Thank you very much.
Good afternoon, gentlemen. First of all, thank you for being here today. We will carefully note all the suggestions you have made. Some of them are certainly very interesting.
Mr. Hanson and Mr. Kohlhauser, you both raised an issue that interests me. Any time you have to talk to the public as representatives of police forces, people always give you statistics. Statistics will indicate if crime rates have gone down, for instance. Everyone is against you. People say you are too strict, even though on the ground, you realize you need to be even stricter.

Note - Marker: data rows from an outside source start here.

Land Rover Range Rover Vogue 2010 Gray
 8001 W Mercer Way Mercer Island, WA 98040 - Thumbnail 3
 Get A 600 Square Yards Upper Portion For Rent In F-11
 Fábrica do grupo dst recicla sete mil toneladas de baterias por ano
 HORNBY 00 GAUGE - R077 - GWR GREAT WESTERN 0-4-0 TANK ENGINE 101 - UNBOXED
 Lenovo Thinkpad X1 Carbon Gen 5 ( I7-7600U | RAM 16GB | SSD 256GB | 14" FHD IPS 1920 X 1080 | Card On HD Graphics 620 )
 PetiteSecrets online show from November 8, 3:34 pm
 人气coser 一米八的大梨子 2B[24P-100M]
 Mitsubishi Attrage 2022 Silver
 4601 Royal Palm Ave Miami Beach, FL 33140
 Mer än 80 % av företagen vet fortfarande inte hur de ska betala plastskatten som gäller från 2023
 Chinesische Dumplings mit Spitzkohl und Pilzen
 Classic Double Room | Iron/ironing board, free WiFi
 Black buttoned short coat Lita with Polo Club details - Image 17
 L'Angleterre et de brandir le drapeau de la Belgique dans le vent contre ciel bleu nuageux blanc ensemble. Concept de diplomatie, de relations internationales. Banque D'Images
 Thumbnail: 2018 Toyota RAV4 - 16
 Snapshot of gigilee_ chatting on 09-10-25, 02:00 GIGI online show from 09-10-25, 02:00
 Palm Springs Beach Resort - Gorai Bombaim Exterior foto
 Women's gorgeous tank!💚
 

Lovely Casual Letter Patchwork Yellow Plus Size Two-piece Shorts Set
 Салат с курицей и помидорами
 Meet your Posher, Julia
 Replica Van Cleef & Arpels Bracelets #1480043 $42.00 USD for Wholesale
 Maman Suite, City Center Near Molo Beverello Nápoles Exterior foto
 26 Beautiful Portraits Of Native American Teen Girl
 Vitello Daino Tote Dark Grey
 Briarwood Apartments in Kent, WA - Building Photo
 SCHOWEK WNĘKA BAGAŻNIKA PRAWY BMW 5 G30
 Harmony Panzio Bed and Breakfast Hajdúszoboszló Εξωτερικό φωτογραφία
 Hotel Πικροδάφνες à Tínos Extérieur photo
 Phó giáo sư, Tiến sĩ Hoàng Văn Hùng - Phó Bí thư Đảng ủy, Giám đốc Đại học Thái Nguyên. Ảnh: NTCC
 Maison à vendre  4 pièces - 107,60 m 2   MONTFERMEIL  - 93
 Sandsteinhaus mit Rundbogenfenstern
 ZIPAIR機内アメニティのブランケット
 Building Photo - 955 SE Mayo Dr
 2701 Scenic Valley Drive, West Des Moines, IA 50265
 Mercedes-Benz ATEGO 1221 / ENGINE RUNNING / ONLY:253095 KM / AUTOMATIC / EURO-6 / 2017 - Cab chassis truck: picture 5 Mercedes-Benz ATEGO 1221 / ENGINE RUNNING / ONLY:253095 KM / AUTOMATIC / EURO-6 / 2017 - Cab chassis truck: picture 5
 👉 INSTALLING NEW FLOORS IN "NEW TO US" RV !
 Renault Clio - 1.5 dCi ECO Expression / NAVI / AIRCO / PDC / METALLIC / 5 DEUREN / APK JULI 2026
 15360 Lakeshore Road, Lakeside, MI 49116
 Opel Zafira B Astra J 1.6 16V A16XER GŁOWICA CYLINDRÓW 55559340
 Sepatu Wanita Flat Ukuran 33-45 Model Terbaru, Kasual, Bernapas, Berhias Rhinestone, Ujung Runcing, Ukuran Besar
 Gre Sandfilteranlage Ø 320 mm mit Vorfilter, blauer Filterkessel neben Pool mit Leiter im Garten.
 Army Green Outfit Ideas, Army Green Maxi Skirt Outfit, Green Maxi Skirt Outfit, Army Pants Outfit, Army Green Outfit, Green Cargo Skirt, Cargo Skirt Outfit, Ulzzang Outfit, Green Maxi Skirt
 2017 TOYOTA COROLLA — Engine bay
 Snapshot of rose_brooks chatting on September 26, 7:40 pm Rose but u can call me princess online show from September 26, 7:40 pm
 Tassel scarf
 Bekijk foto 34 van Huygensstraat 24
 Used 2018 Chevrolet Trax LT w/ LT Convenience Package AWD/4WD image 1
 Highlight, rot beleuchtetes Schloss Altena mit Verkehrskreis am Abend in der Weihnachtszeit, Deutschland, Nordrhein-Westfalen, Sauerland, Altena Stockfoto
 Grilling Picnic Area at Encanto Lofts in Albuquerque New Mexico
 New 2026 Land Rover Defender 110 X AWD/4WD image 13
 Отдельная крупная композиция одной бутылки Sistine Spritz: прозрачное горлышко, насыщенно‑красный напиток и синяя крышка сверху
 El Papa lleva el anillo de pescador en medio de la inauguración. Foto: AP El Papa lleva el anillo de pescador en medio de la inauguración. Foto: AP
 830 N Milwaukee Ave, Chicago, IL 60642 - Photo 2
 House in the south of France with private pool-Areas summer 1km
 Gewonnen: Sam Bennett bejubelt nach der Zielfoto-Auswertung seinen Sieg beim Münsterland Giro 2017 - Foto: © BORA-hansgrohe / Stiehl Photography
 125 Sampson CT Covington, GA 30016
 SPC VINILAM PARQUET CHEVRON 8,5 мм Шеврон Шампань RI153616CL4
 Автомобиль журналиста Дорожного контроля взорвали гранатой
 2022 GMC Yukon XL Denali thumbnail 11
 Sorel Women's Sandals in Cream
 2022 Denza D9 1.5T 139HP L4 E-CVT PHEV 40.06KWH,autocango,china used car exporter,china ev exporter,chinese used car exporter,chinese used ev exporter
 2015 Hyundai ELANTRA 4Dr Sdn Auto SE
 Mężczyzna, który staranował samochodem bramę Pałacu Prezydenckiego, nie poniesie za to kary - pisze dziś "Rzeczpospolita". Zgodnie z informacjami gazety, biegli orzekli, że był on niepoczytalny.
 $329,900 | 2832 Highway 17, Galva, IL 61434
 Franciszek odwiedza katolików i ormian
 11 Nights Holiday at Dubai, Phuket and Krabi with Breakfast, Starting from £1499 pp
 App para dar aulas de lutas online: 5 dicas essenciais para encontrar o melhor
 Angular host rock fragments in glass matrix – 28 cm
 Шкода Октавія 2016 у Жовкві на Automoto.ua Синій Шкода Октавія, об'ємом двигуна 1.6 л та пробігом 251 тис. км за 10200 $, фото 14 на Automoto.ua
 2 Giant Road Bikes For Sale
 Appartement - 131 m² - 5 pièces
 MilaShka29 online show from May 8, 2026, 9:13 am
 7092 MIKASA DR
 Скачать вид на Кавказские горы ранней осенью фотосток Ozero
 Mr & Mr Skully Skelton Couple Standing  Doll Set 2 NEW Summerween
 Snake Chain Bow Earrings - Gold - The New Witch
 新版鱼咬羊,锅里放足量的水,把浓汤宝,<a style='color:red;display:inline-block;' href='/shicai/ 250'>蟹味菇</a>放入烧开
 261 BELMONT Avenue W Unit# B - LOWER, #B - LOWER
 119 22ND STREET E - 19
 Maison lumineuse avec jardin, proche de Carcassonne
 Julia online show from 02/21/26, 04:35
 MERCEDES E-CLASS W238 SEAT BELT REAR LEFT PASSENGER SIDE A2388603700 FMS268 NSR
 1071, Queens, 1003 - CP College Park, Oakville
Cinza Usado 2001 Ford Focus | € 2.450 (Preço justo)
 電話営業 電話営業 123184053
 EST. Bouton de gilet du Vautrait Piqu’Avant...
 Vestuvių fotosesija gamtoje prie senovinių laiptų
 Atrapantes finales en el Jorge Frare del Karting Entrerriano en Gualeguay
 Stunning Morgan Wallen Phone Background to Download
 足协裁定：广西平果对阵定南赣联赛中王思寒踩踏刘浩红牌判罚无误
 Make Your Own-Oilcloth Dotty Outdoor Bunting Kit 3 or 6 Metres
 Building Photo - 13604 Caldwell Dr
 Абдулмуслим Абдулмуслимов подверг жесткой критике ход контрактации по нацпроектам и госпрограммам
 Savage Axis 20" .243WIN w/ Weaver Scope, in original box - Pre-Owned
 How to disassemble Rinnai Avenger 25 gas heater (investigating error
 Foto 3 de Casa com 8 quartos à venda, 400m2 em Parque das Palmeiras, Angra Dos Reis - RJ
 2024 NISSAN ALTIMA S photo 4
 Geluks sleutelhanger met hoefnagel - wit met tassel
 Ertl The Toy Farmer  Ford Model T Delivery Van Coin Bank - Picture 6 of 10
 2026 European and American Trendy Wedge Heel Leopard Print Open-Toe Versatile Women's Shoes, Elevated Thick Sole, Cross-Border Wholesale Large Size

Consider the example raised by Terry Kohlhauser. We are also interested in that example. When someone commits a homicide and the body is found, it is considered a homicide in Canadian statistics. When someone goes missing and is never found, that case is not included in the statistics.
We checked and noted that 41% of missing persons are found; 59% are never seen again. These people are young girls and young boys, men and women who go missing and whose cases are not included in statistics. Perhaps they were killed by criminal organizations, which have become so intelligent that now they hide the body after killing someone. The bodies are not found, and this gives the impression that homicide rates are going down. However, when we look at at-risk populations, as Mr. Kohlhauser mentioned—prostitutes or poor people—we see that these groups are being killed and not included in the statistics because their bodies are not found. They are missing persons.
I know there has been an increase. But how do you see this increase on the ground? I wonder if you have your own statistics. The statistics we get from Statistics Canada are not always effective enough to help us.